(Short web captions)
****************************************
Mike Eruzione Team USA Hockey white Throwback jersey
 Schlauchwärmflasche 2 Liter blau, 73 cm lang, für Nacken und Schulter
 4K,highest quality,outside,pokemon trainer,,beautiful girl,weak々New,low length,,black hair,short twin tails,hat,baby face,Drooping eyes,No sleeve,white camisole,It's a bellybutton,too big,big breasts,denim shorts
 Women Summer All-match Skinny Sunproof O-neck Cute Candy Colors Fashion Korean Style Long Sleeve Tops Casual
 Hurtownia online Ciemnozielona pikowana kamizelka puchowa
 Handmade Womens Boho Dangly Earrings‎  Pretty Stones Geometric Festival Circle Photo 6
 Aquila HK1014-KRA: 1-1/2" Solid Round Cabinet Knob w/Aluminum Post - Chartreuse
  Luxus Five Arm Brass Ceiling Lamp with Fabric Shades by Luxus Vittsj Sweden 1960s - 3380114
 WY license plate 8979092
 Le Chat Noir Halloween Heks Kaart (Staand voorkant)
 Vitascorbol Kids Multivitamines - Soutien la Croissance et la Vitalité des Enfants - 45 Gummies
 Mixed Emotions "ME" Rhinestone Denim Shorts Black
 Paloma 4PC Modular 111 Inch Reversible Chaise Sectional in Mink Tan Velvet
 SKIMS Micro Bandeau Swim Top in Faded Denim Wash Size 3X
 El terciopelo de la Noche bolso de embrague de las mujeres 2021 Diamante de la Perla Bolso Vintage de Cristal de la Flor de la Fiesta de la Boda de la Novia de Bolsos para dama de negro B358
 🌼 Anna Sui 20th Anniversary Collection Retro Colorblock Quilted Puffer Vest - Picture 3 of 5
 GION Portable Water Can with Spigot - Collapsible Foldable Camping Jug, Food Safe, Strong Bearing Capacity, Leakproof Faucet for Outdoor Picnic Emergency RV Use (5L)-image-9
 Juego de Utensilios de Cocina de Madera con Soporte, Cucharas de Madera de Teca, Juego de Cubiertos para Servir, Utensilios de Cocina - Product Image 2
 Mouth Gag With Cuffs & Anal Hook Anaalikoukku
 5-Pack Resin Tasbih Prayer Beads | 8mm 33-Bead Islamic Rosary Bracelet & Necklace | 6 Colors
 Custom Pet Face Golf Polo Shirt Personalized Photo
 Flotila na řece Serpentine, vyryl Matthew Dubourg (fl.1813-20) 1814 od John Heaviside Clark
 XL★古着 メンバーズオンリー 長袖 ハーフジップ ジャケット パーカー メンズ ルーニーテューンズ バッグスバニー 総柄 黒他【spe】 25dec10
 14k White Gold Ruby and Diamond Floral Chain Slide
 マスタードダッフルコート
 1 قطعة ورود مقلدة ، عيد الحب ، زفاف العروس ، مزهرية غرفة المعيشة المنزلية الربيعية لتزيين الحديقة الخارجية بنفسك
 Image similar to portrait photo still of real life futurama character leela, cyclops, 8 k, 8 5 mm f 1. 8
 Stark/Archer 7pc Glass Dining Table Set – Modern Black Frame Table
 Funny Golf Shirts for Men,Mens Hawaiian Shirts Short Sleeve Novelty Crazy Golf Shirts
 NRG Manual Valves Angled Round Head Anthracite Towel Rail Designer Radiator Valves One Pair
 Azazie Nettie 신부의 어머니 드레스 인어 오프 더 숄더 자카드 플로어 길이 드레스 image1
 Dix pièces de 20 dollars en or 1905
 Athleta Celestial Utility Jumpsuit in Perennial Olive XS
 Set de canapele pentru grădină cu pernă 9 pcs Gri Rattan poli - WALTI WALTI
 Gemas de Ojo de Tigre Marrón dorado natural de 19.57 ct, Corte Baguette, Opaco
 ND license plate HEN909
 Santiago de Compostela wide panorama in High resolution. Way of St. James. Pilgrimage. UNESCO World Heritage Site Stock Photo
****************************************
Every entry shown above should be written out again without a single difference.

Mike Eruzione Team USA Hockey white Throwback jersey
 Schlauchwärmflasche 2 Liter blau, 73 cm lang, für Nacken und Schulter
 4K,highest quality,outside,pokemon trainer,,beautiful girl,weak々New,low length,,black hair,short twin tails,hat,baby face,Drooping eyes,No sleeve,white camisole,It's a bellybutton,too big,big breasts,denim shorts
 Women Summer All-match Skinny Sunproof O-neck Cute Candy Colors Fashion Korean Style Long Sleeve Tops Casual
 Hurtownia online Ciemnozielona pikowana kamizelka puchowa
 Handmade Womens Boho Dangly Earrings‎  Pretty Stones Geometric Festival Circle Photo 6
 Aquila HK1014-KRA: 1-1/2" Solid Round Cabinet Knob w/Aluminum Post - Chartreuse
  Luxus Five Arm Brass Ceiling Lamp with Fabric Shades by Luxus Vittsj Sweden 1960s - 3380114
 WY license plate 8979092
 Le Chat Noir Halloween Heks Kaart (Staand voorkant)
 Vitascorbol Kids Multivitamines - Soutien la Croissance et la Vitalité des Enfants - 45 Gummies
 Mixed Emotions "ME" Rhinestone Denim Shorts Black
 Paloma 4PC Modular 111 Inch Reversible Chaise Sectional in Mink Tan Velvet
 SKIMS Micro Bandeau Swim Top in Faded Denim Wash Size 3X
 El terciopelo de la Noche bolso de embrague de las mujeres 2021 Diamante de la Perla Bolso Vintage de Cristal de la Flor de la Fiesta de la Boda de la Novia de Bolsos para dama de negro B358
 🌼 Anna Sui 20th Anniversary Collection Retro Colorblock Quilted Puffer Vest - Picture 3 of 5
 GION Portable Water Can with Spigot - Collapsible Foldable Camping Jug, Food Safe, Strong Bearing Capacity, Leakproof Faucet for Outdoor Picnic Emergency RV Use (5L)-image-9
 Juego de Utensilios de Cocina de Madera con Soporte, Cucharas de Madera de Teca, Juego de Cubiertos para Servir, Utensilios de Cocina - Product Image 2
 Mouth Gag With Cuffs & Anal Hook Anaalikoukku
 5-Pack Resin Tasbih Prayer Beads | 8mm 33-Bead Islamic Rosary Bracelet & Necklace | 6 Colors
 Custom Pet Face Golf Polo Shirt Personalized Photo
 Flotila na řece Serpentine, vyryl Matthew Dubourg (fl.1813-20) 1814 od John Heaviside Clark
 XL★古着 メンバーズオンリー 長袖 ハーフジップ ジャケット パーカー メンズ ルーニーテューンズ バッグスバニー 総柄 黒他【spe】 25dec10
 14k White Gold Ruby and Diamond Floral Chain Slide
 マスタードダッフルコート
 1 قطعة ورود مقلدة ، عيد الحب ، زفاف العروس ، مزهرية غرفة المعيشة المنزلية الربيعية لتزيين الحديقة الخارجية بنفسك
 Image similar to portrait photo still of real life futurama character leela, cyclops, 8 k, 8 5 mm f 1. 8
 Stark/Archer 7pc Glass Dining Table Set – Modern Black Frame Table
 Funny Golf Shirts for Men,Mens Hawaiian Shirts Short Sleeve Novelty Crazy Golf Shirts
 NRG Manual Valves Angled Round Head Anthracite Towel Rail Designer Radiator Valves One Pair
 Azazie Nettie 신부의 어머니 드레스 인어 오프 더 숄더 자카드 플로어 길이 드레스 image1
 Dix pièces de 20 dollars en or 1905
 Athleta Celestial Utility Jumpsuit in Perennial Olive XS
 Set de canapele pentru grădină cu pernă 9 pcs Gri Rattan poli - WALTI WALTI
 Gemas de Ojo de Tigre Marrón dorado natural de 19.57 ct, Corte Baguette, Opaco
 ND license plate HEN909
 Santiago de Compostela wide panorama in High resolution. Way of St. James. Pilgrimage. UNESCO World Heritage Site Stock Photo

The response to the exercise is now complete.